The underlying idea is great, but the term itself causes a lot of confusion and angst. I’ve met many customers that are like “No Way do I want an MVP delivery –  that’s the last delivery I’ll get!” All too often teams deliver the so-called Minimum Viable Product, and then quickly get whisked away to the next project, leaving the customer with a buggy, unfinished product. For some customers, MVP = MRC (Minimum Releasable Crap).
Picture and thought bubbles of a person named "Wounded Customer" complaining about 3 problems with the concept of MVP
Credit: Henrik Kniberg (https://blog.crisp.se/2016/01/25/henrikkniberg/making-sense-of-mvp)

Instead, he advocates using one of a set of more practical descriptions: "Earliest testable, usable, or lovable" work, whichever one applies to your situation. Of course, the concept of "Minimum Lovable Product" has since taken on a life of its own. But the other two (testable and usable) are equally useful, IMHO.

Last point here: I agree with Kniberg that MVPs as actually used in the real world cause a lot of drama. After all, the "Law of Now or Never" exists because of one such problem.

But, just as a reminder: All of this hubbub about MVPs actually mis-uses Eric Ries' original definition and intent for the MVP. He meant for MVPs to be the "minimum testable thing," to use Kniberg's term:

"An MVP is the smallest version of a product you can use to start the process of learning from customers. Think of it as the first experiment or in-market test of our ideas. It needn’t be the full product; often it’s a version with elements removed or one made using a simpler production process. It can be as simple as marketing materials or a brochure."

And while Ries really does refer to the solution or something related to it in all direct quotes of his that I have seen, he also points out elsewhere that the real point is to test the riskiest assumption. If that riskiest assumption has to do with the business, operations, etc. rather than the solution itself, then the "minimum testable" thing might have no connection to the solution at all!

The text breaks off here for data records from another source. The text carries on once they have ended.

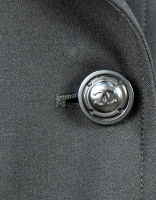 Chanel Black Trench Coat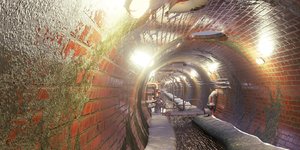 sewer tunnel 3D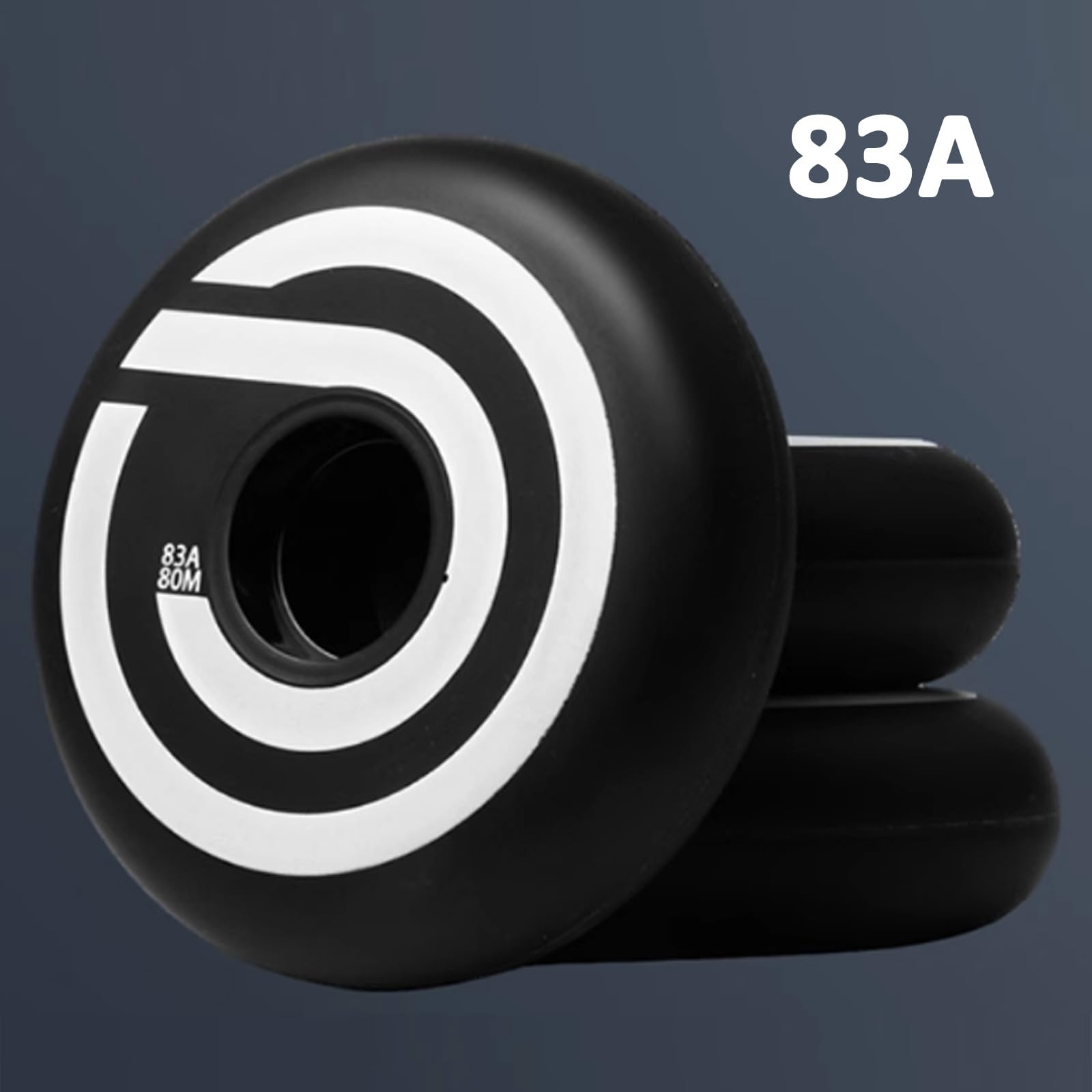 Ruote di ricambio per pattini in linea, confezione da 4, 83 A, 72 mm, 76 mm, 80 mm, destinate alla sostituzione delle ruote a lama a rullo, ruote da allenamento, ruote per pattini a rotelle per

Phew, end rant. Back to our law and how to use it in real life. Thanks for bearing with me!

Litmus test

Definitely create "classic" MVPs focused on your solution. Just check that you also have MVPs for organizational Acceptability/ Agreeability:

Stage 1: Solution MVP: Can you point to a concrete way in which your current priority is a minimum version of your future vision, not to something else, pushing out what you want to work on into the future?

For example, when Netflix started, they did not open a video store while working on their "video over internet" vision. Instead, they created that version of "video over internet" that they could test out then, which happened to mean ordering video rentals over the internet but shipping them by mail.

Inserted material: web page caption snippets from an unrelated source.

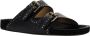 Michael Kors Sandalen Black Leather Sandals in zwart - Thumbnail 3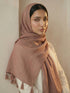Texture Lawn Tassel Hijabs - Taupe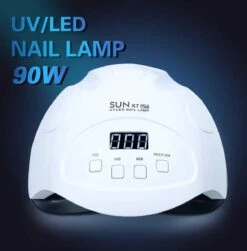 Nageldroger- 90 Watt LED UV Inclusief Manicure- Pedicure Set - Professioneel - Nagel Lamp LED - Professionele Nageldroger - Ledlamp - Gel Nagellak - Gelpolish - Gel Nagels - Builder Gel - Acryl -Cosmetisch Kortingswinkel 1179x1200 3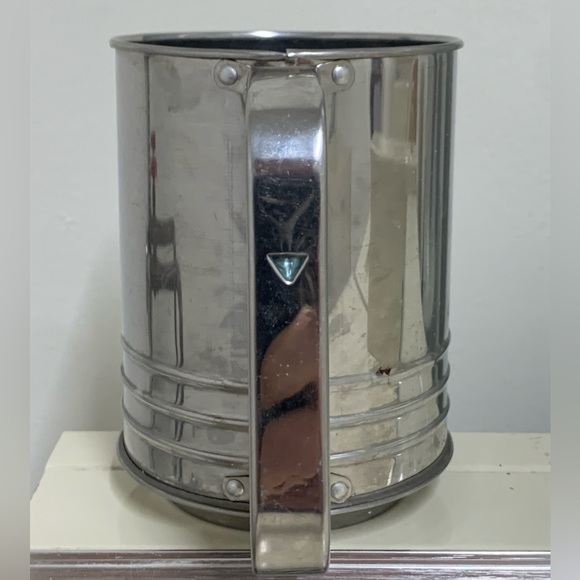 Mid Century Vtg Large Flour Sifter Made in Japan - Picture 4 of 13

Stage 2: Business/ operations MVP: Can your executive stakeholders, especially business line leaders, clearly repeat back to you how your output will add value to them? (Important: It matters that they can do it, not just that you can do it.)

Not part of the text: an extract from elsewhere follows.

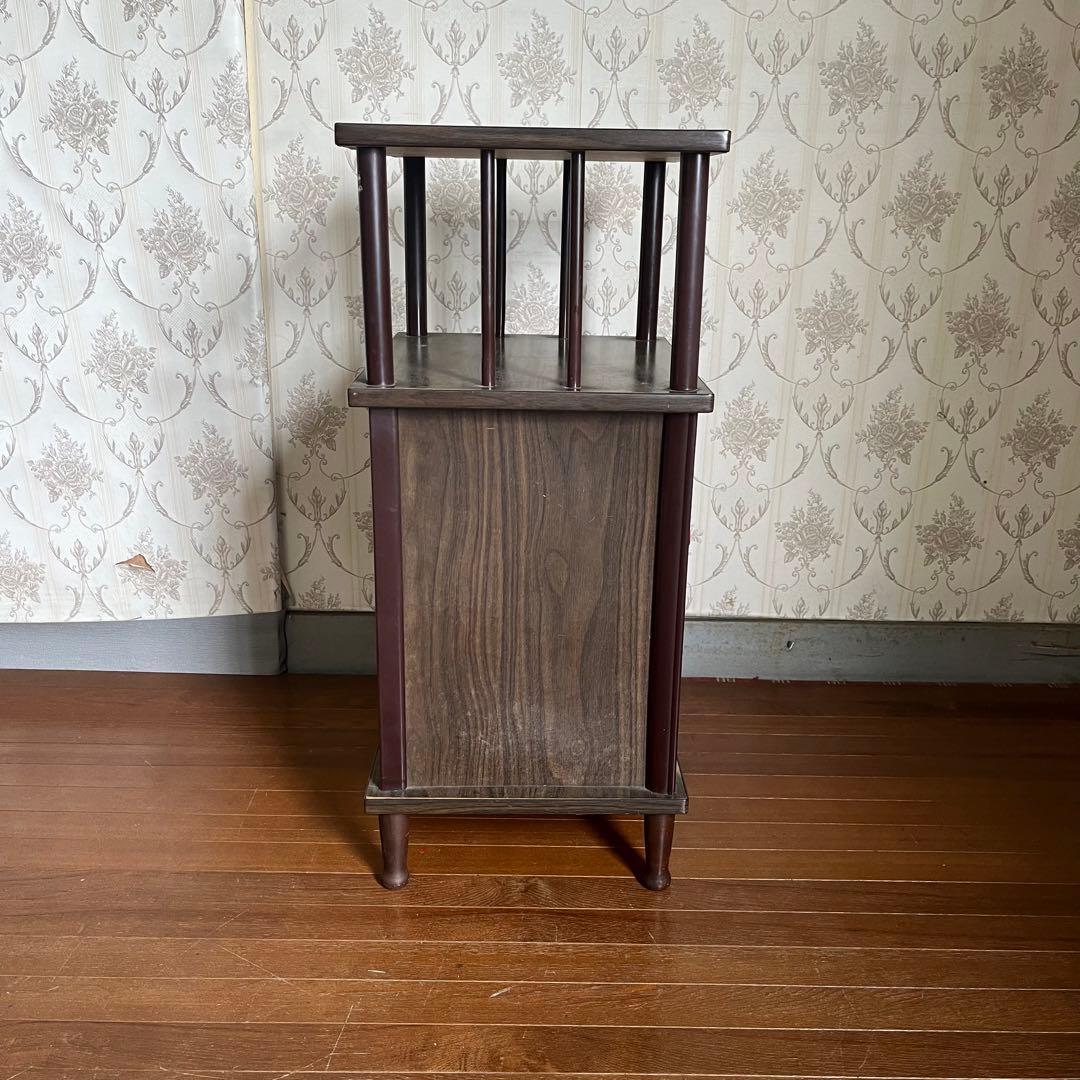 【アンティーク】昭和レトロ 木製 電話台 コンソールテーブル 飾り棚 古道具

Note that this must be possible without your leaders following their description with some serious caveat that negates all the value they have described before.

How to do it

Doing this can take multiple Viability and Acceptability/ Agreeability efforts. We can only cover the really short version here. But in short, especially consider:

  • Make it tangible: Describe the financials that your effort will deliver, if you manage to de-risk the key assumptions: Opportunity size (TAM/ SAM/ SOM), resulting assumption-driven income statement (Discovery-Driven Growth), and payback period for investments.
  • Make it helpful: It's hard to avoid the hockey stick growth curve. Stuff simply starts small. But financials aren't the only way to be valuable. Can you show how your solution will save operators time, cut headaches or risks, or otherwise earn its keep while you wait for financials to catch up?
  • Re-mix it: It's possible that your as-is MVP can't produce any value to stakeholders on a timeline they care about. At that point, it may make sense to think of your single solution as a series of modules and to front-load those modules that matter most to your stakeholders.